Saturday, 30 July 2016

Back to the primer: How genocidist Nigeria enhances Igbo freedom drive

Herbert Ekwe-Ekwe

One of the obvious features any student of genocide picks up quite quickly about the perpetrator of this heinous crime is how open, less subtle, and often brazenly defiant they are with respect to their programme/policy towards a prescribed or targeted people. 

Nigeria, indeed, typifies this prototype but even more. Nigeria’s is crude, loathsome, vindictive, remorseless: read or listen to or examine the deeds of any genocidist Nigerian on this subject – from an Obafemi Awolowo to an Ibrahim Haruna or a Rilwan Akiolu or a Muhammadu Buhari, an Olusegun Obusonjo, a Yakubu Gowon... If anything, these attributes should and do alert the people so targeted – the Igbo, in this case. In effect, in its very words and deeds, the Nigeria genocidist agency aids Igbo freedom markedly despite itself.
(Wayne Shorter Octet, “Mephistopheles” [personnel: Shorter, tenor saxophone,  Freddie Hubbard, trumpet; Alan Shorter, fluegelhorn; Grachan Moncur III, trombone;  James Spaulding, alto saxophone; Herbie Hancock, piano;  Ron Carter, bass; Joe Chambers, drums; recorded: Van Gelder Studio, Englewood Cliffs, NJ, US, 15 October 1965])
Who resolves burden of history?
If one goes through the copious analyses and papers by the Biafran leadership on the mindset of Nigerian génocidaires during 1966-1970 (phases I-III of the genocide), it is fascinating to note how the former’s very advanced thinking at the time has impacted contemporary genocide studies and the mode of pronouncement by many in international relations, scholars and statespersons alike, on the nature of the increasingly “global emergency”, especially since 9 September 2001

Fifty years ago, to the day, the Igbo, particularly their intellectuals, clearly articulated the existential threat they faced (and still face) and responded accordingly. The Igbo today, including their intellectuals, therefore do have a historic precedent to sustain their round-the-clock scholarship on the varying spheres and facets of arguably the most long-drawn-out and savagely pursued genocide of  contemporary history.

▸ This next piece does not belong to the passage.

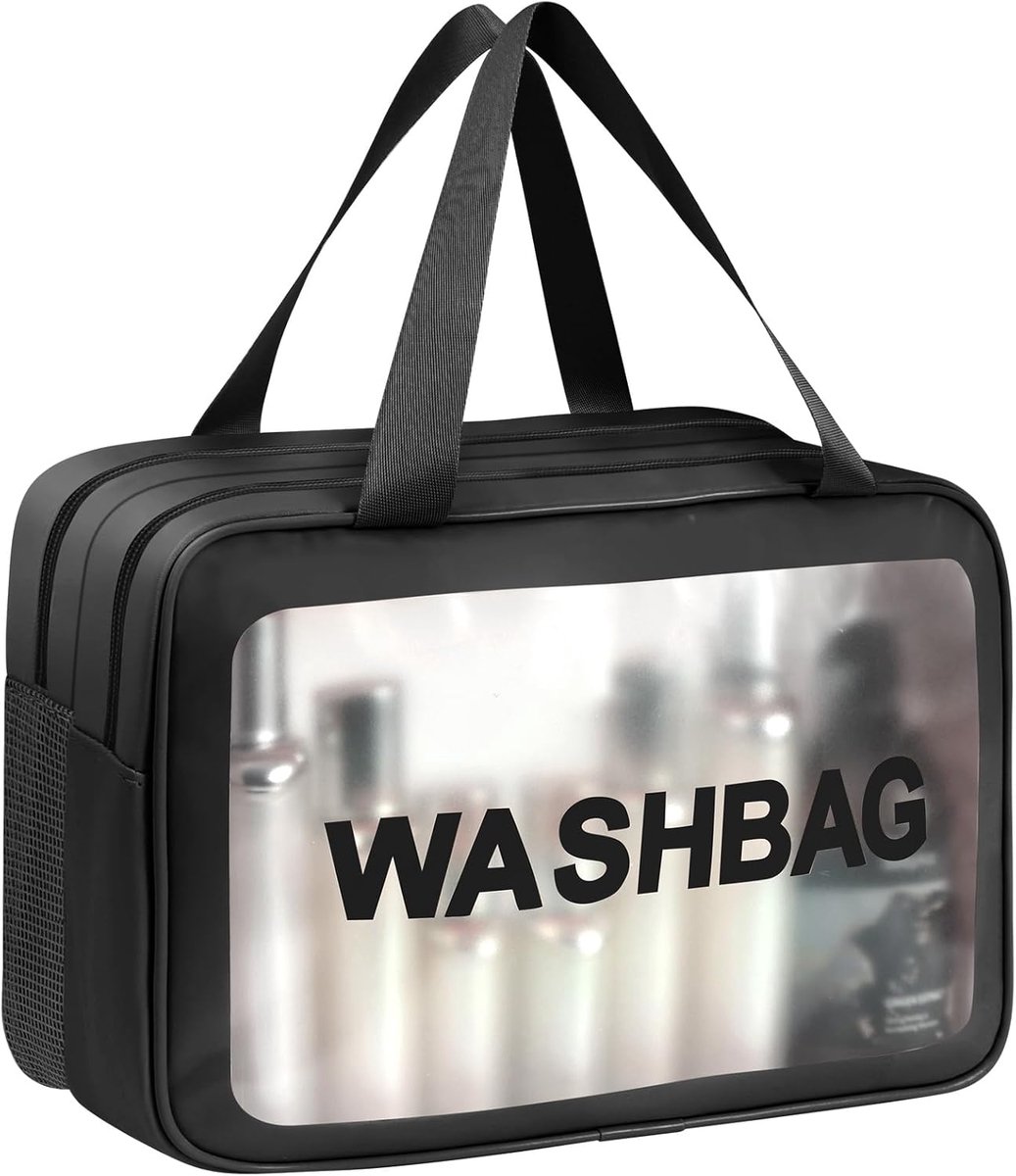 SnelShoppen - Transparante Toilettas, Waterdichte Toiletry Bag met Rits, Clear PU Cosmetic Bag, Grote Capaciteit, Geschikt voor Reis, Badkamer, Mannen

No one else, howsoever their altruistic credentials, resolves someone’s burden of history except themself. Surely, the Igbo couldn’t think otherwise!
(Andrew Hill Septet, “Compulsion” [personnel: Hill, piano; Freddie Hubbard, trumpet; John Gilmore, tenor saxophone; Cecil McBee, bass; Joe Chambers, drums; Renaud Simmons, conga, percussion; Nadi Qamar, percussion, African drums, thumb piano; recorded: Van Gelder Studio, Englewood Cliffs, NJ, US, 8 October 1965])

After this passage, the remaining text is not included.